I suspect the answer is no. Examples would be nice, also showing why the Riemannian proof breaks would help.

EDIT: A friend made me notice Gang Liu's paper (https://arxiv.org/pdf/1108.4231v1.pdf), where it is shown that, for real analytic metrics, the volume ratio is decreasing for small values of the radius.

## 1 Answer

It looks like the answer is indeed no with the quadric $\mathbb CP^1\times \mathbb CP^1$ a counterexample. Here the corresponding complex model space is $\mathbb CP^2$.

Recall that to get an Einstein metric with coefficient $\lambda=1$ we should choose it is as curvature of the anti-canonical bundle $-K$. Now, for $\mathbb CP^1\times \mathbb CP^1$ we have $-K\cong O(2)\times O(2)$. The diagonal $\mathbb CP^1\subset \mathbb CP^1\times \mathbb CP^1$ is geodesic and $-K$ restricts as $O(4)$ to it.
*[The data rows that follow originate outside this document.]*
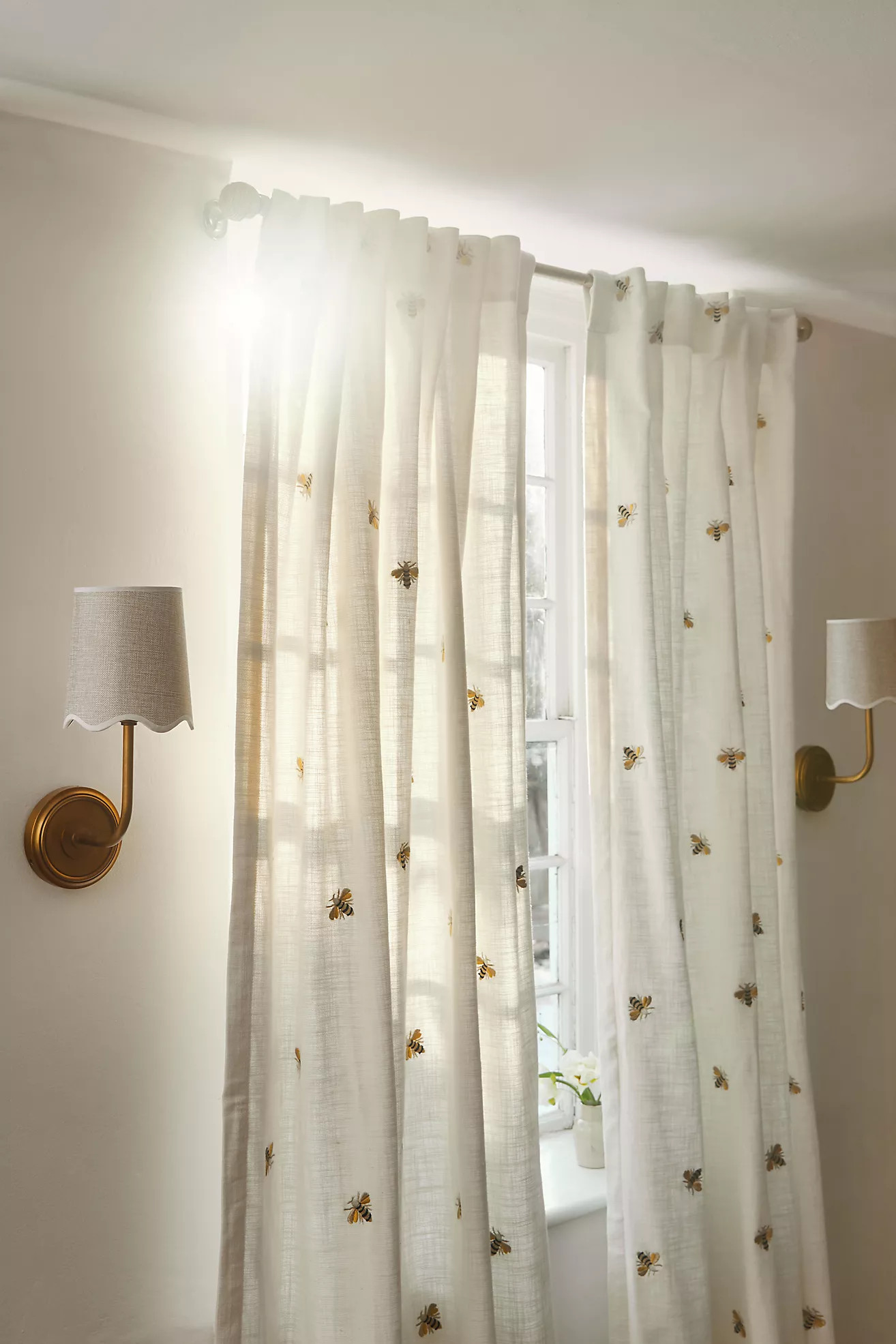 Embroidered Abeille Bee Cotton Blend Curtain | Anthropologie (US)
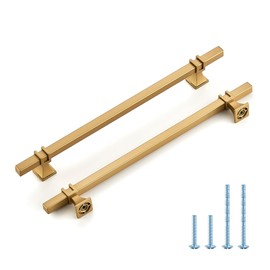 HOME EDIT 5 Pack 8-3/4 inch Gold Cabinet Handles Square Zinc-Alloy Pulls for Kitchen Dresser Closet and Bathroom Cabinets Hardware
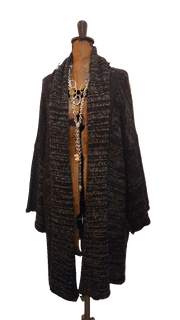 kimono style cardigan with mesh detail (alpaca)- blk marble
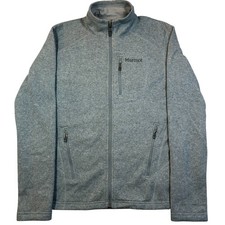 Marmot Drop Line Fleece Jacket Womens M Heather Blue Full Zip Cozy Fall Hiking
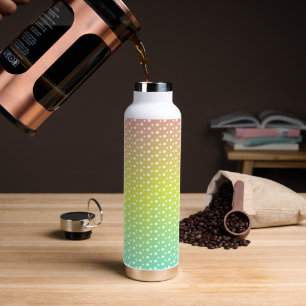 Colourful rainbow bubble gradient water bottle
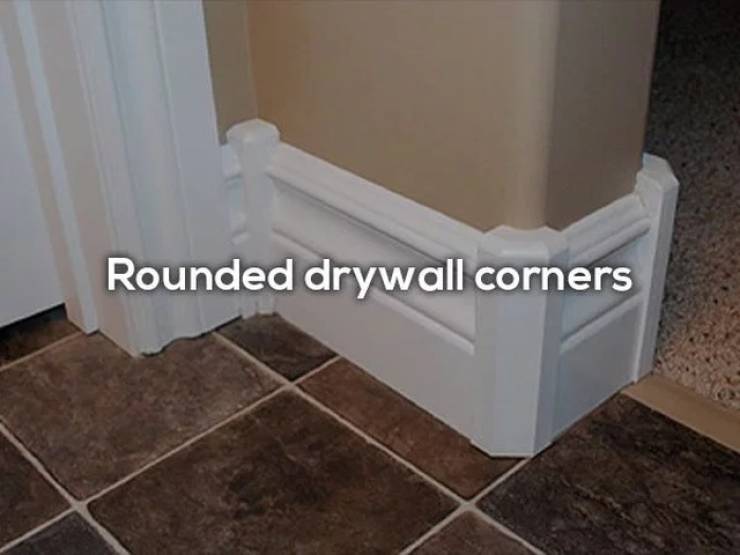 baseboard corners - Rounded drywall corners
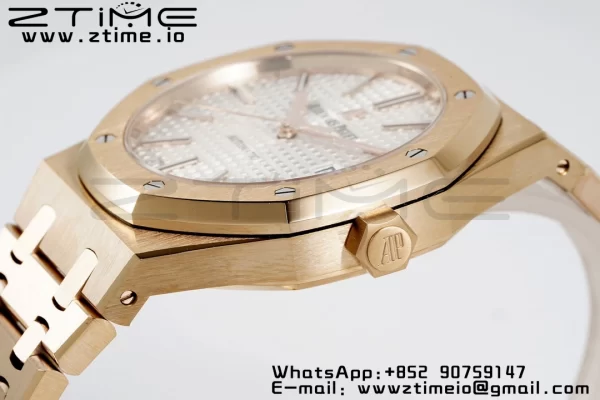 AP Royal Oak 37mm 15450 RG ZF 1:1 Best Edition White Textured Dial on SS Bracelet SA3120 Super Clone - Super Clone Watch | 1:1 Best Version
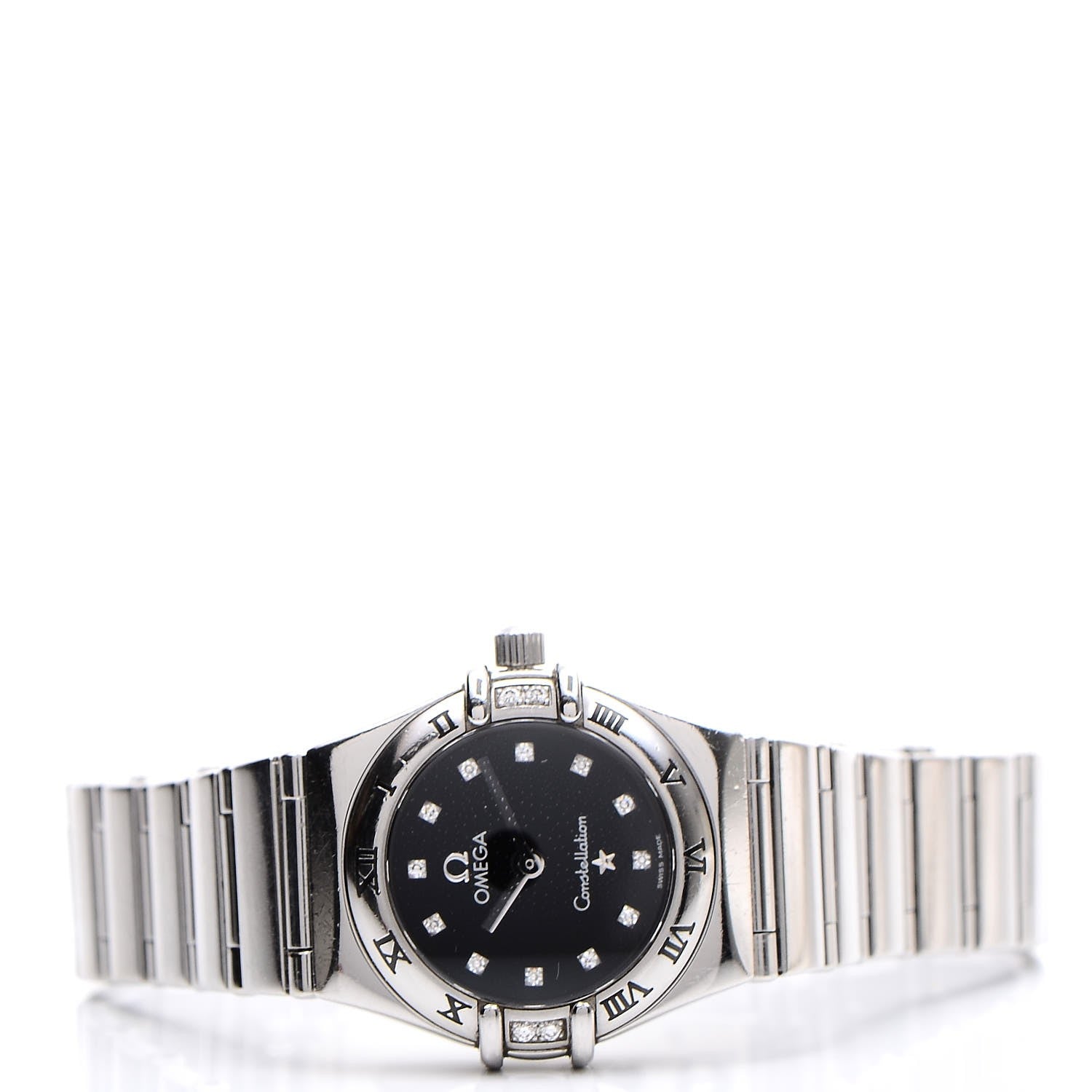 Omega Stainless Steel Diamond 22mm Constellation Quartz Watch Black 1561.51 3 of 6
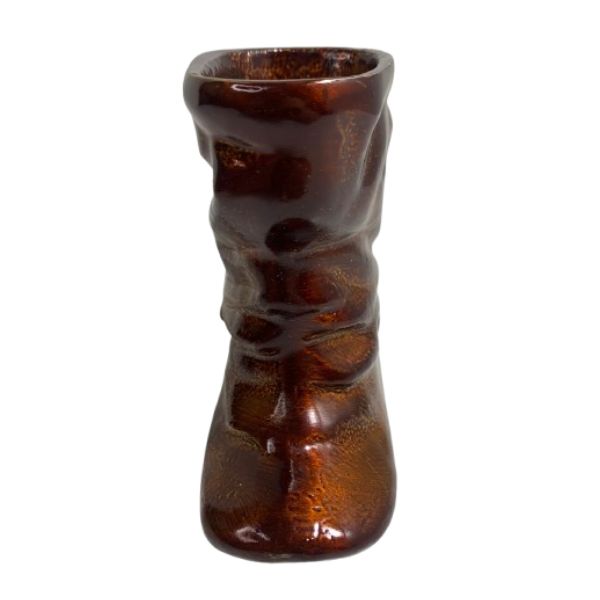 Soviet Russian 1960s Ceramic Cup Boots Brown Glaze Mug USSR Art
It follows that the diameter of $\mathbb CP^1\times \mathbb CP^1$ is larger than that of $\mathbb CP^2$ (where $-K\cong O(3)$). Inddeed the diameter of the former space is equal to the diameter of its diagonal and the diameter of the latter space is equal to the diameter of any line in it.

As for where the usual proof breaks down, I don't know.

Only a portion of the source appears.